Эпизод с публикацией в 1933 году его брошюры “Вестник грядущего добра” также имел для Гурджиева плачевные последствия. Эта брошюра, датированная 1932 и 1933 годами и написанная в характерной для него гротескной манере – смеси высокопарности, деланой искренности и туманных намеков, – представляет собой не больше и не меньше, чем его “первый из семи призывов к современному человечеству”. Он делает в ней целый ряд заявлений и признаний, в частности, что он основал свой институт “для решения чисто личных задач”, и объявляет о своем намерении приступить к публикации трех своих книг, именуя их “тремя” сериями в десяти томах”, под следующими названиями: “Рассказы Вельзевула своему внуку”, “Встречи с замечательными людьми” и “Жизнь реальна, только когда ‘Я есть’”. Кроме того, в ней было заявлено о намерении Гурджиева возродить институт в шато Приере в то время, как ее читателям было хорошо известно, что Гурджиев продавал имение. “Вестник грядущего добра” вызвал повсеместную отрицательную реакцию. Многих эта брошюра укрепила в их подозрениях относительно шарлатанства Гурджиева – они находили в ней многочисленные доказательства своим догадкам. Надежды, возлагавшиеся Гурджиевым на ее публикацию, лопнули. В Америке экземпляры этого произведения сначала активно распространялись последователями Гурджиева, но позже непроданные копии ее поспешно изымались и уничтожались. Брошюра эта читалась и в Англии учениками Успенского и была расценена ими как демонстрирующая у ее автора признаки паранойи, а может быть, даже и сифилиса.

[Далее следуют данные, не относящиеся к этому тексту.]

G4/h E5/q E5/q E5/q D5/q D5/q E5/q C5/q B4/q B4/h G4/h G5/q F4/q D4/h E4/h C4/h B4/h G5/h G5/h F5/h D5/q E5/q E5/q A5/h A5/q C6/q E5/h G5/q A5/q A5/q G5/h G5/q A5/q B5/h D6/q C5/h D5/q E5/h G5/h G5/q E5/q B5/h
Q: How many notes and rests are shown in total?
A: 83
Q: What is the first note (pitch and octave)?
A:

После продажи шато Приера Гурджиев сменил несколько парижских адресов и, наконец, основался в русском квартале на рю де Колонел Ренар. Туда стали стягиваться его оставшиеся ученики и там возобновились многочасовые застолья с тостами в адрес многочисленных разрядов “идиотов”. На рю де Колонел Ренар приходили его американские ученицы Джейн Хип и Маргарет Андерсен и дамы из их литературно-лесбийского кружка. Из Англии приезжал верный Гурджиеву Ч. С. Нотт. Александр де Зальцман привел к Гурджиеву свою французскую группу, включавшую молодых литераторов Роже-Жильбера Лекомта, Роже Вайяна, Роберта Мейра и Рене Домаля. Рене Домаль, автор “Ночи серьезного пьянства” и незаконченной “Горы Аналог”, был женат на Вере Милановой, русской. Начиная с 1932 года они проводили ночи с Александром де Зальцманом, горячо обсуждая с ним идеи “четвертого пути” и “работы”. Александр де Зальцман скончался тремя годами позже от туберкулеза. К Гурджиеву приезжали и другие последователи из Канады, Германии и Америки. С ними он возобновил свои автомобильные экскурсии по Франции и к Средиземному морю. Мадам де Зальцман вела группы, обучая их “движениям”, в Севре, где она сумела в миниатюре воссоздать обстановку шато Приера. К ней приезжали муж и жена Домали и другие французы, чтобы учавствовать в “движениях” и в дискуссиях о “четвертом пути”.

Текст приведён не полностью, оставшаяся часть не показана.